The Blessed Virgin Mary in history

This is all part and parcel of the sacramental worldview: the understanding that nothing is merely itself. It lives in relation to the rest of creation and this whole great complex of interrelated things is a gift from God—and his gifts communicate grace to us.

Mary is therefore seen as a “great sign” (Revelation 12:1) because through her, the greatest gift God could give—himself—was given to us in flesh and blood, via her “Yes”.
“Yes” is the fundamental act of the disciple. Upon that Yes hangs the entire existence of the Church and through that Yes goes the life of every Christian believer.
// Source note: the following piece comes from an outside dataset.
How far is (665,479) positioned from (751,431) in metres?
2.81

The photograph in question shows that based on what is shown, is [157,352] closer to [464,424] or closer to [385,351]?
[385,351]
Every time we say (and do) what God desires, we are recapitulating the Yes of Mary, the Primal Disciple, who always said Yes, no matter how hard it got.

“Note that Mary always says Yes, not that she always understands what is going on as she says it. She says Yes out of a trust in God”

Note that Mary always says Yes, not that she always understands what is going on as she says it. She says Yes out of a trust in God, not out of her omniscient understanding of God. Her way is gestative before it is productive. She gestates before giving birth, prays and thinks before acting, lives in faith before giving birth to the Word made flesh. She “keeps all these things in her heart” long before they come to fruition in deed.

The essential characteristic of the Disciple is to will “May it be done to me according to your word” in all God commands. Mary did this before every other disciple and more perfectly than any other disciple. That is why she is the Type of the Church. If you want to see the Church in a sort of miniature figurine, look at her.

Mary not only gives herself wholly to the purposes of God in the birth of Jesus, but every day after that, right to the foot of the Cross. She is warned at the very start that a sword will pierce her soul too. With the focus we rightly place on the agonies of Christ crucified, it is easy to forget her agonies in the Crucifixion. We all know stories of parents who have had to watch their children suffer and die.

Seven things you didn’t know about Mary

We hear the anguish of David in the Old Testament, mourning, “O Absalom, Absalom! My son! My son! Would that I had died instead of you!” (2 Samuel 18:33). It was the burden of Jesus to hang upon the Cross. But it was the burden of Mary not to hang upon the Cross: to watch in horror and confusion—and faith—as the worst thing that could ever happen happened before her eyes.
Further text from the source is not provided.